Regardless of where you may fall on the compassion versus judgment/criticism spectrum right now, you can develop more compassion. Research suggests that mindfulness interventions, particularly those with an added loving-kindness component, have strong potential to increase both compassion toward others in need, as well as compassion for oneself.
Through practices like meditation, engaging in perspective-taking, opening up about your insecurities, and volunteering to help others, you may notice a serious increase in positive emotions and your quality of life.
One definition of compassion, according to the Oxford Dictionary, is “sympathetic pity and concern for the sufferings or misfortunes of others.” What exactly does it mean to be more compassionate? Other ways we commonly describe compassion include showing empathy, sympathy, care, concern, sensitivity, warmth, or simply love. What would the opposite of compassion look like? Indifference, cruelty, and harsh criticism.
Some compassion experts describe being compassionate as “suffering along with.” This can mean suffering along with another person or even with yourself in the case of self-compassion. In other words, it means stopping judgment and resisting the act of labeling people (including ourselves) as either “good” or “bad.” Compassion simply means accepting with an open, kind heart and recognizing that everyone has strengths and weaknesses.

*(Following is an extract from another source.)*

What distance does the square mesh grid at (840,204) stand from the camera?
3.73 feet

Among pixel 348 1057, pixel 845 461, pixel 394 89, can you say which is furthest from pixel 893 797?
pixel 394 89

Compassion has been shown to increase behaviors related to care-giving, including touch, non-threatening postures, and vocalization of feelings. Biologists believe we are all born with compassion.
Much of the debate regarding the need for increased compassion has to do with concerns about whether living in the digital age may be affecting our ability to be empathetic, vulnerable with others, and nonjudgmental.
Researchers are now digging into the important questions regarding the relationship between our levels of happiness and our use of social platforms that require less face to face time. We’re left wondering if it’s possible that these convenient, omnipresent forms of digital communication may be greatly stifling our compassion and well-being.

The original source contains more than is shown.